> **WHAT THE EXERCISE ASKS**:
No pictures go in the copy; retype exactly the lines from the one with "Pulsera Agatha Paris" through the last line of the records.

BEGIN

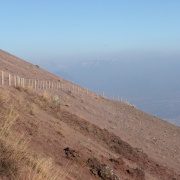 NID-3302_DSCF0081.jpg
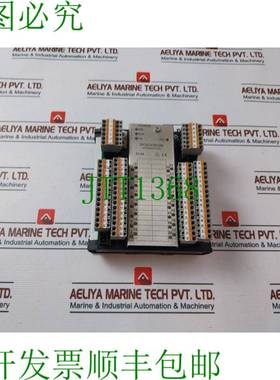 原装供应Rockson Automation M001-2-c 多用途输入过程 I/O PLC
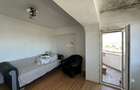Apartament 2 camere | Decomandat | 50 mpu | Zona Fabricii Marasti - 4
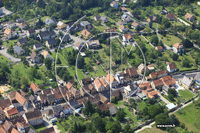 67440 Marmoutier - photo - Marmoutier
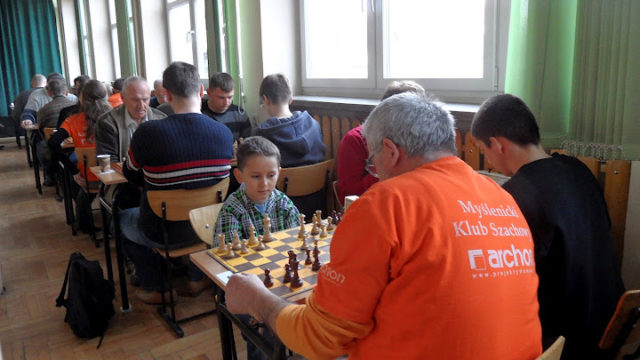IV_turniej_szachowy_Daj_mata_chorobie_2012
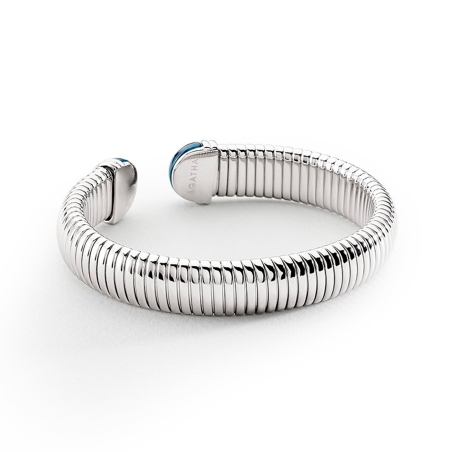 Pulsera Agatha Paris Be rígida 2470351-088-TU
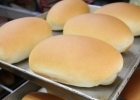 手作りコッペパンの店 山田製パン（有）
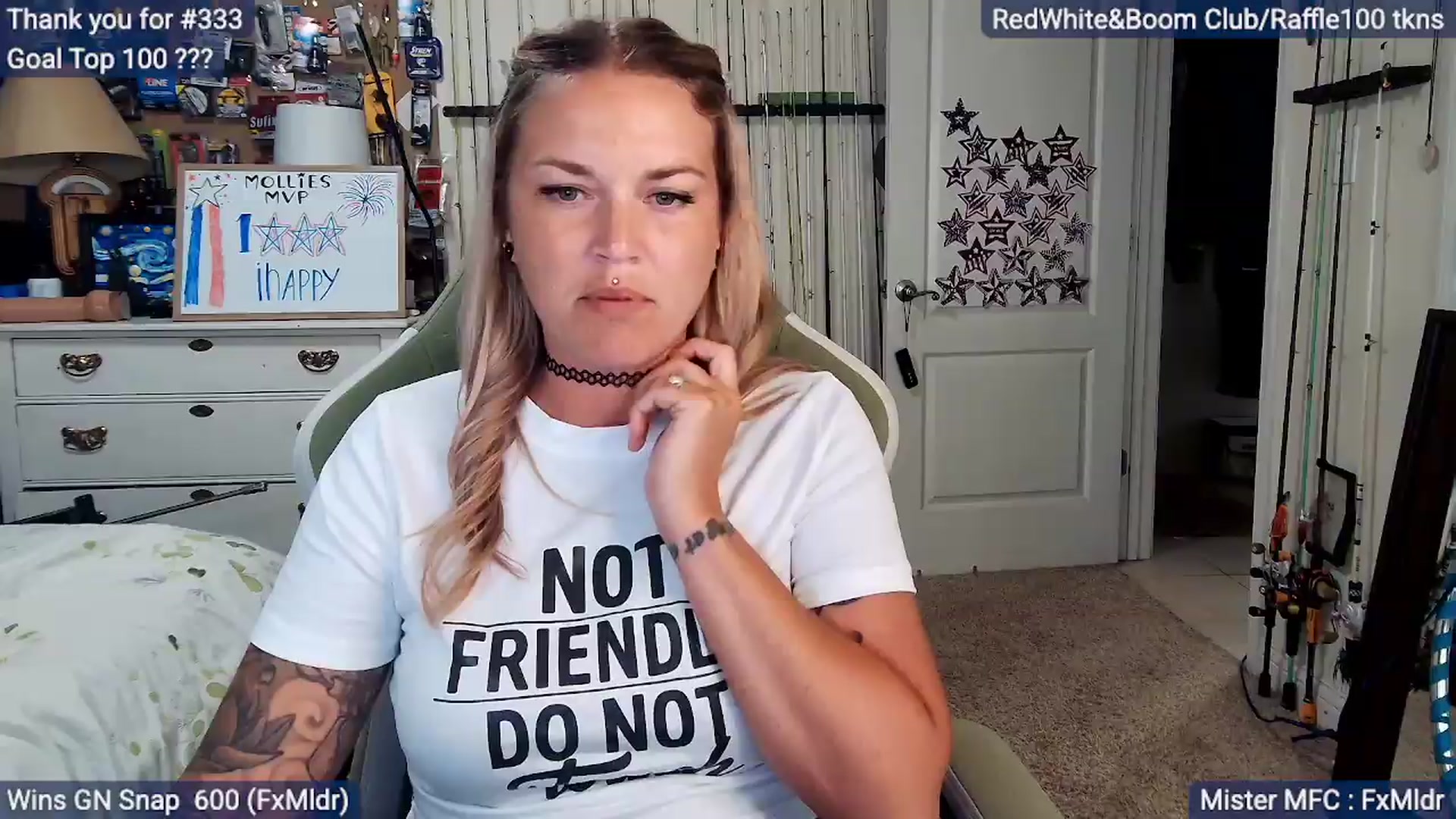 Gallery image thumbnail from MollieRose_'s myfreecams stream on, 07/03/2026, 03:10 image 20 of 20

END

> **WRITTEN ANSWER**:
 Pulsera Agatha Paris Be rígida 2470351-088-TU
 手作りコッペパンの店 山田製パン（有）
 Gallery image thumbnail from MollieRose_'s myfreecams stream on, 07/03/2026, 03:10 image 20 of 20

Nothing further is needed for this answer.